I find these French town's responses tragic/comical, and agree with you -- the
state is bringing its force to bear on the victim.

Like police the world over, who know (trivially) that it is much safer to
harass the law-abiding (who will cower and comply) rather than confront the
violent (who might shoot them in the face), these socialist mayors seem to
know that it is safer to force these already oppressed women to comply, than
go into the dangerous ghettos and confront those forcing them to bear this
garb in the first place.

Solution? I don't know -- perhaps some immigration tests on whether applicants
agree with Supremacist and anti-liberty doctrines (ie. Sharia), or are
prepared to defend the liberty of the oppressed?

France surely would reject an immigrant who is a self-proclaimed Aryan
Supremacist thug who wants to enforce his beliefs on others. Perhaps they
should likewise resist Islamist Supremacists who want to enforce their rules
on others? I'm sure that the multitudes of liberty-loving Muslims in France
who desire their women to have full freedom to dress as they wish without fear
of reprisal would appreciate it, too...

Once wearing this garb is associated with liberty (as is the wearing of a
Nun's robes -- everyone knows they can choose to stop at any time), I'm pretty
sure liberty-loving people will no longer mind the "burkini" being worn in
public.

------
tmptmp
This is a good news from a very fundamental aspect in our history and for our
future too.

Islam with its barbaric, medieval, vicious ideology (e.g. kaafirs are against
Allah, Muhammad is above any criticism, apostates should be killed, extreme
injustice inflicted on Muslim women and so on) is at crossroads with the
freedom loving, liberal and secular western world.
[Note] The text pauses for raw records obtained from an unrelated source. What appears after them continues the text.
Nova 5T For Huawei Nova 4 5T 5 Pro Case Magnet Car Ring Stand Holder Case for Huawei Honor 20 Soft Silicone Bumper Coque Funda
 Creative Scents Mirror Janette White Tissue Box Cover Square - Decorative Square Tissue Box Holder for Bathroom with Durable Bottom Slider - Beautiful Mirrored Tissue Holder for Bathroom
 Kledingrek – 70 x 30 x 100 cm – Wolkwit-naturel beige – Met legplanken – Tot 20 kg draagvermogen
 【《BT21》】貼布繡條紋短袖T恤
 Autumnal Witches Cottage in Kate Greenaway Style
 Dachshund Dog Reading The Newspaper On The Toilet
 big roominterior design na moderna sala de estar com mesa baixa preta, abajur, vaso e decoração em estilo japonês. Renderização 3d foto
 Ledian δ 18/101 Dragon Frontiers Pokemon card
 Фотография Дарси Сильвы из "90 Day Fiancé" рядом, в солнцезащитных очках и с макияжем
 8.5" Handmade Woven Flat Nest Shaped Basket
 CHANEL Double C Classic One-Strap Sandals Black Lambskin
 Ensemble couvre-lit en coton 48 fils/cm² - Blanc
The religions should have no place in modern public life. But religions want
to control every aspect of human life. Thanks to the fight put up by and
sacrifices given by the freedom lovers, liberals and modern free-thinkers from
the western world, mainstream religions have been rendered harmless/toothless
to a significant extent, except Islam.

The liberals/critical thinkers have attacked earlier and do attack now also
various bad and evil aspects in other religions
(Christianity/Judaism/Hinduism) and our free society never suppresses their
thoughts. Islam should not be an exception and hence Islam should not be given
special treatment. Else we may have to lose the hard earned values that we
cherish so much.

But we are seeing that some Islam apologists (whether bought and paid for or
not) are hunting down any thoughtful and legitimate criticism of Islam, its
prophet Muhammad, its scriptures and so on. They are using various types of
pressure tactics for this. For example, labeling any criticism of Islam as
racist attacks on Muslims or Islamophobia or hate speech or right-wing
practice.

e.g. Geert Wilders is labeled as right-wing fanatic by such Islam apologists.
Geert Wilders has been a liberal free-thinker (e.g. his support of
gays/homosexuals).

The freedom lovers, liberals and humanists must understand this threat posed
by the vicious ideology of mainstream Islam.

The west now must invest large amount of efforts and resources to fight this
vicious ideology of Islam. We must realize that this is an ideological war and
must be fought on the ideological war-front. This can and must be done by
supporting liberal minded humanists (like, Bill Maher, Sam Harris, Richard
Dawkins) who are exposing the viciousness of the ideology of Islam and
upholding the modern humanist values like freedom of expression and separation
of 'mosque and state'.

edit: added point about Geert Wilders.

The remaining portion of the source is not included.